Task goal> Return the lines of the listing below exactly as they appear, beginning at the one with "New important data" and stopping after the one with "Immunofluorescence Image 1: Bcl-11B"; do not include pictures.

Data section>
▼▼▼
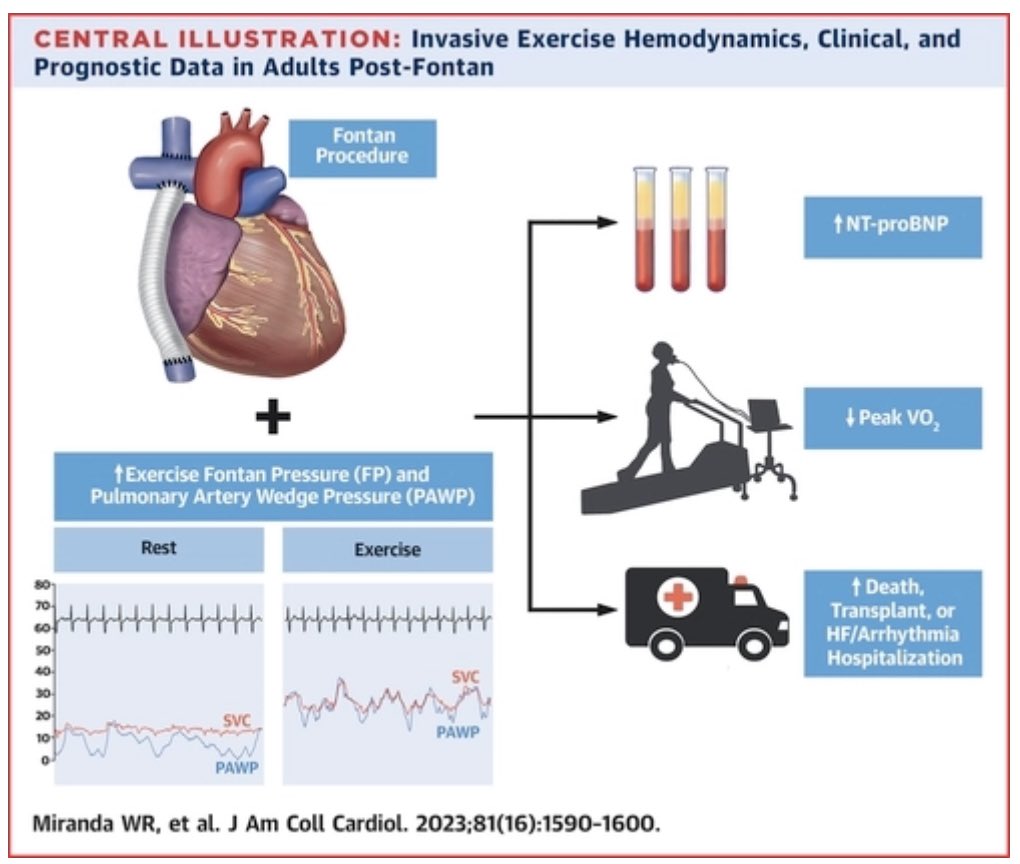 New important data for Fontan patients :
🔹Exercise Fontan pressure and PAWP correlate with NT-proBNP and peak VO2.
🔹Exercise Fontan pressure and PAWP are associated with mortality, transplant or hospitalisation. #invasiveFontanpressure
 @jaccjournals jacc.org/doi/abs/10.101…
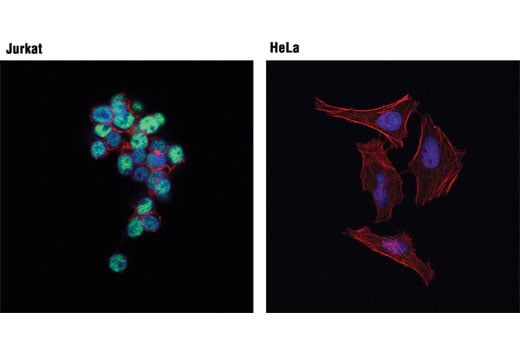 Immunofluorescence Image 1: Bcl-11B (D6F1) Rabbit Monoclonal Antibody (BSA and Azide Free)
▲▲▲
▼▼▼
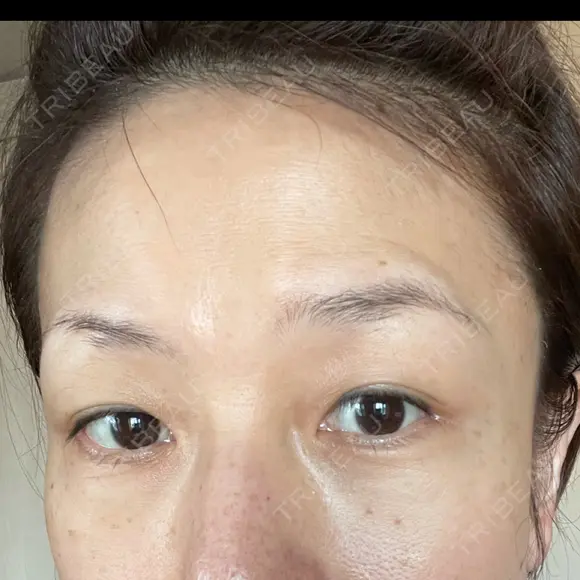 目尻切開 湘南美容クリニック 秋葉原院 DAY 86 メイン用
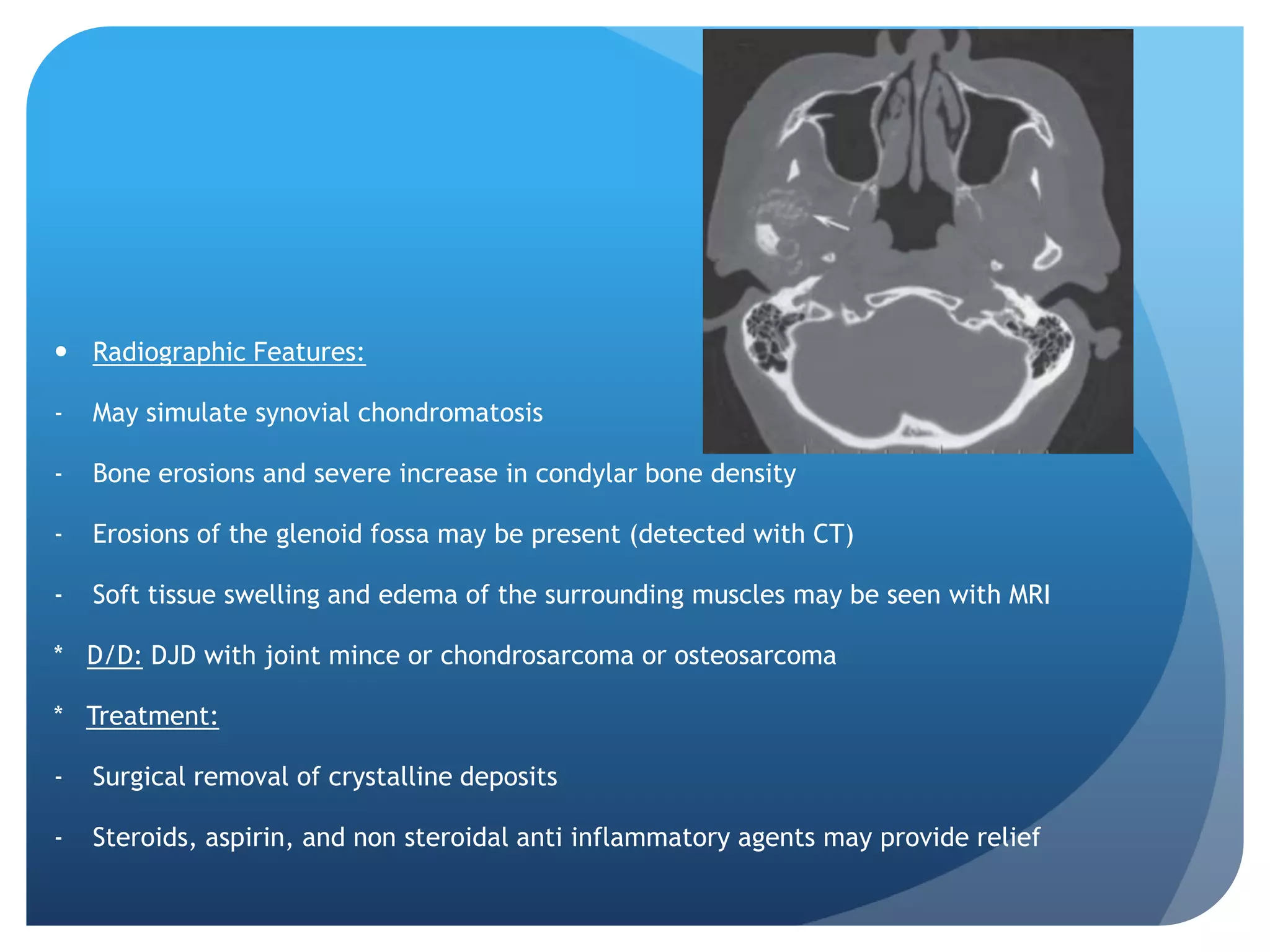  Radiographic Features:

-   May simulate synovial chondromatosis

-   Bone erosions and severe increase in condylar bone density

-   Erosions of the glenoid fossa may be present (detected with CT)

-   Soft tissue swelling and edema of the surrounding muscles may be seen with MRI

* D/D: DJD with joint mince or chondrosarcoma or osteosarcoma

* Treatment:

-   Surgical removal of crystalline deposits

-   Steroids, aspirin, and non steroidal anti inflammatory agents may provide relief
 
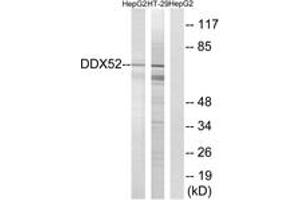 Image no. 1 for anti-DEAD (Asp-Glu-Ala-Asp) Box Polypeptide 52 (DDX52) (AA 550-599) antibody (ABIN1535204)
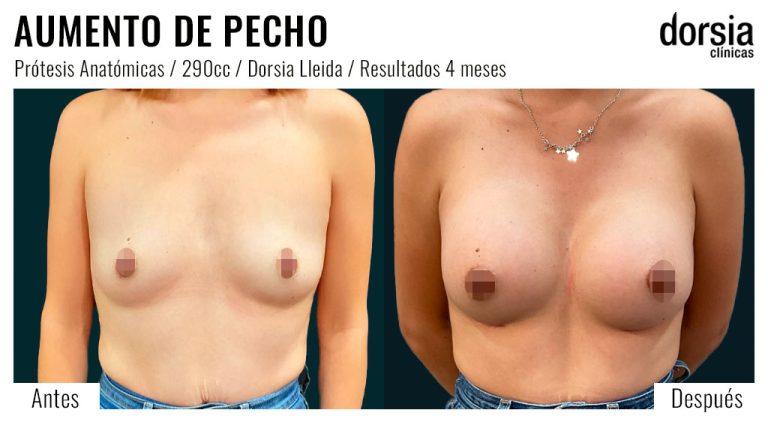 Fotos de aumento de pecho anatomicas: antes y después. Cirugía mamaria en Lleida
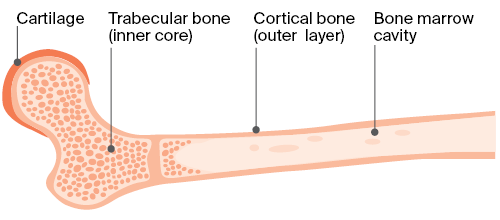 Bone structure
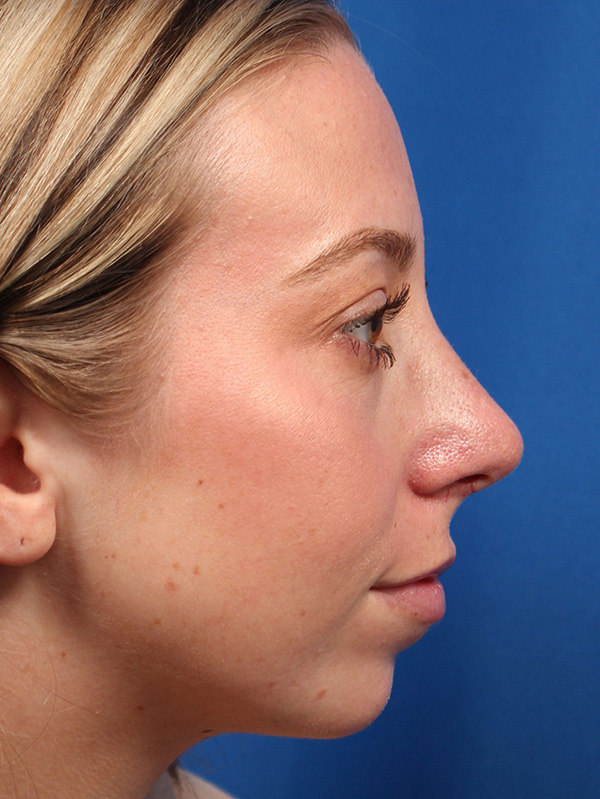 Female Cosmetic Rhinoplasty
▲▲▲
▼▼▼
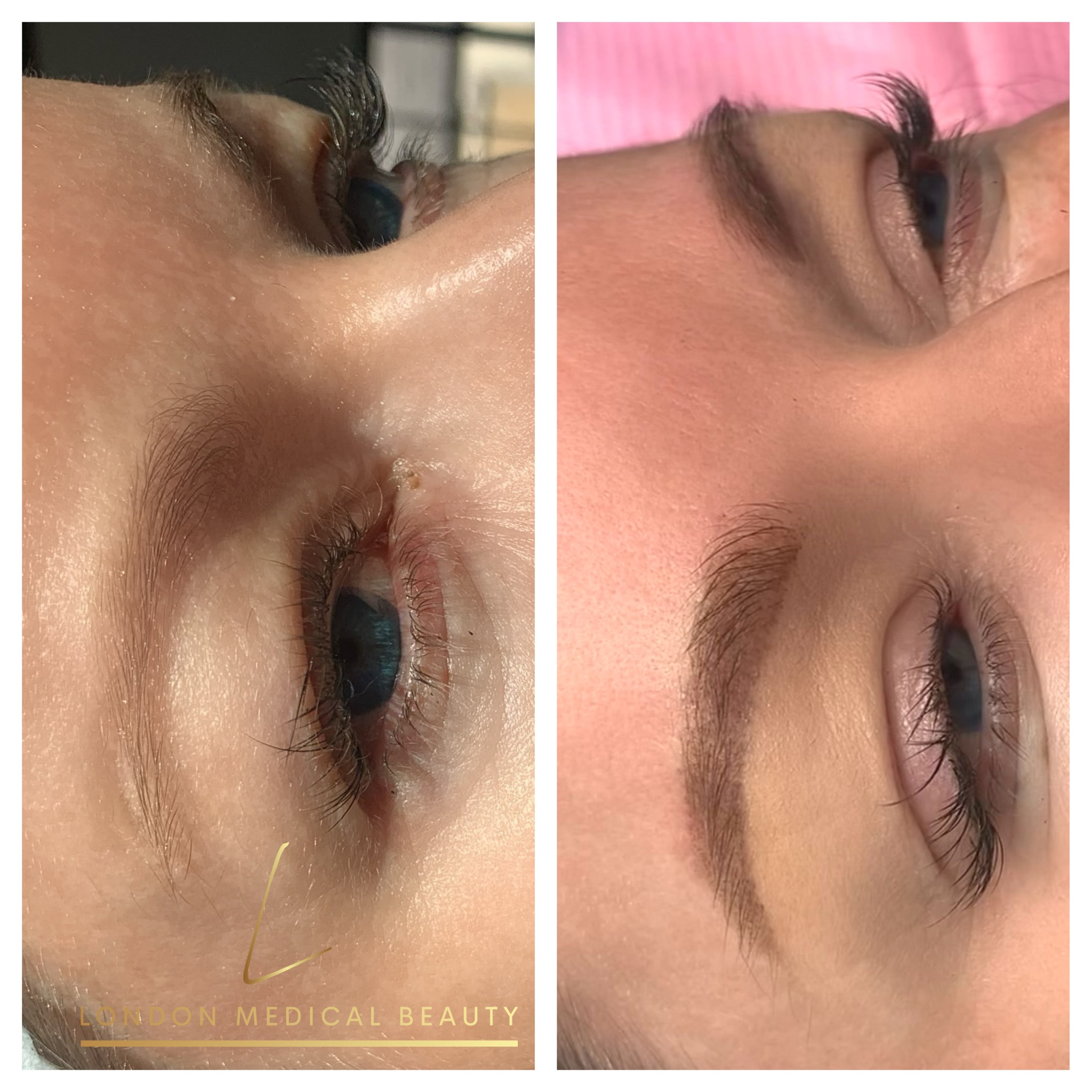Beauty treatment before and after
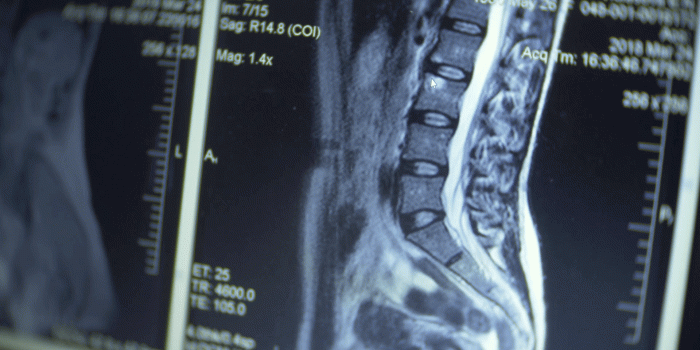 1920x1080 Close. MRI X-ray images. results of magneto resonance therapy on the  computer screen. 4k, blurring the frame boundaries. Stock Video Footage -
▲▲▲
Expected answer>
 New important data for Fontan patients :
🔹Exercise Fontan pressure and PAWP correlate with NT-proBNP and peak VO2.
🔹Exercise Fontan pressure and PAWP are associated with mortality, transplant or hospitalisation. #invasiveFontanpressure
 @jaccjournals jacc.org/doi/abs/10.101…
 Immunofluorescence Image 1: Bcl-11B (D6F1) Rabbit Monoclonal Antibody (BSA and Azide Free)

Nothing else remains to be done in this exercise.